Bupati meminta Kepala Dinas Perizinan Penanaman Modal dan Pelayanan Terpadu Satu Pintu Nusirwan Nasir memulangkan bantuan bencana dari salah satu pelaku usaha industri kelapa sawit di daerah itu.
Nominal yang diberikan dinilai tidak sesuai jenis dan besarnya kapitalisasi perusahaan di Pesisir Selatan. Tidak hanya memiliki pabrik pengolahan kelapa sawit, tapi juga pemegang HGU dengan luasan ribuan Hektare.
Bahkan sebagian besar dari koorporasi tidak menyiapkan anggaran untuk kegiatan sosial kemasyarakatan.
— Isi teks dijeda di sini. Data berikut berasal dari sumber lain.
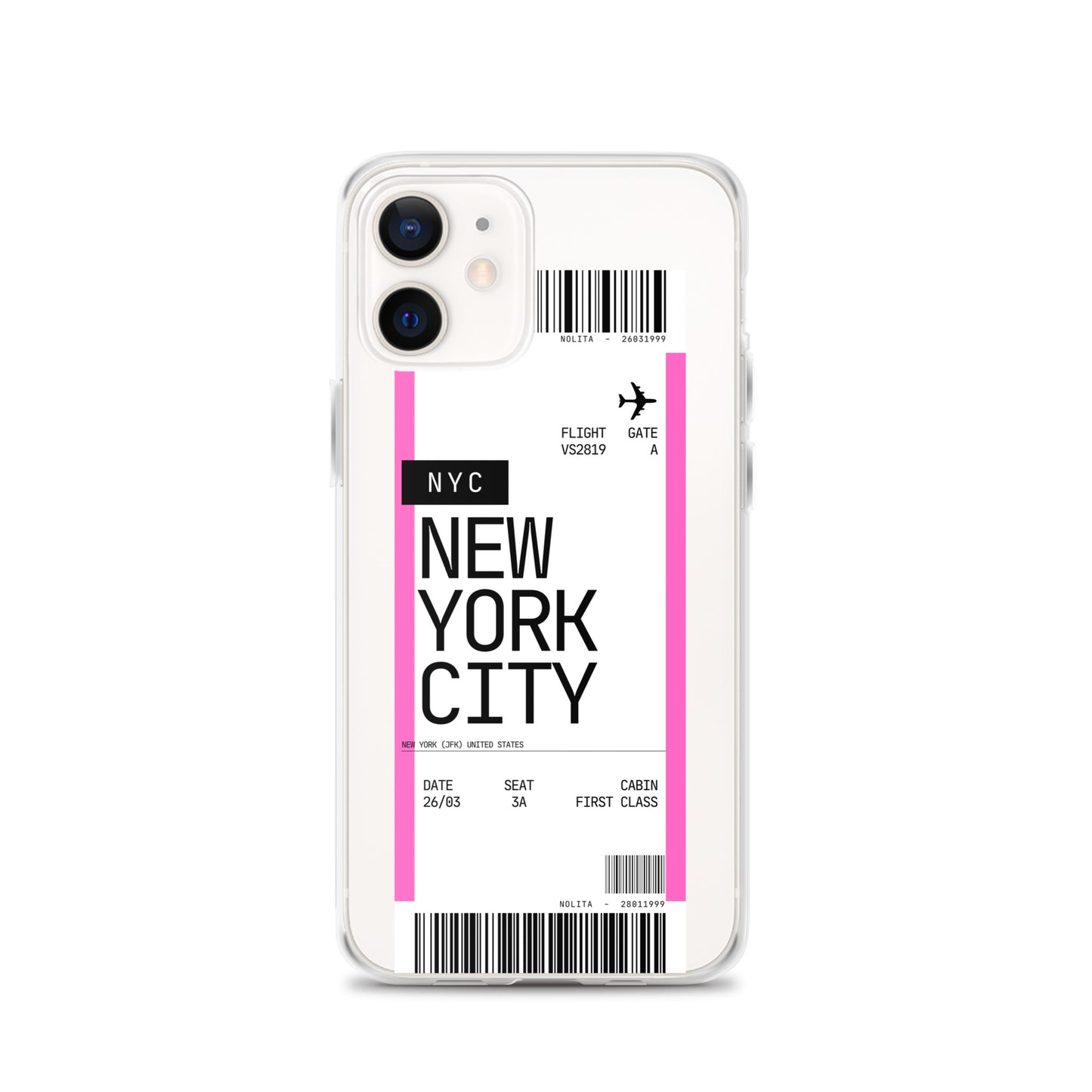 Nolita NYC Plane Ticket iPhone Case, iPhone 12
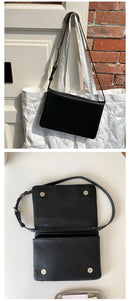 Black Minimalist Flap Shoulder Bag-Elegant Women's Double-Layer Crossbody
Hal itu terkonfirmasi dari jawaban perusahaan atas surat permintaan partisipasi terkait kebencanaan.
Rata-rata jawaban yang diberikan pihak perusahaan terhadap surat itu adalah menunggu jawaban manajemen. Sebuah alasan klise agar terbebas dari tanggungjawab.
Apalagi pemerintah kabupaten melalui Surat Keputusan Bupati telah menetapkan status tanggap darurat selama 14 hari terhadap banjir yang terjadi pada Kamis, 7 Maret. Artinya sudah jadi bencana daerah.
"Meski demikian kami tetap menghormati sistem keuangan dan pengeluaran mereka sebagai lembaga usaha yang berorientasi laba," terang bupati.
Selama ini beberapa diantara perusahaan perkebunan ada yang memakai fasilitas milik pemerintah untuk kepentingan usahanya seperti ruas jalan kabupaten yang memicu terganggunya kepentingan umum.
Namun pemerintah kabupaten masih tetap menolerir dan mencarikan solusi terbaiknya. Parahnya lagi, pihak perusahaan terkesan abai dalam perawatannya. "Harusnya biaya perawatan jalan dari mereka," tutur bupati.
Begitu juga dengan pajak galian C yang jauh lebih kecil jika dibandingkan dengan jumlah material yang mereka keruk untuk perawatan rutin jalan perkebunan. Padahal usaha galian secara tak langsung turut memicu bencana.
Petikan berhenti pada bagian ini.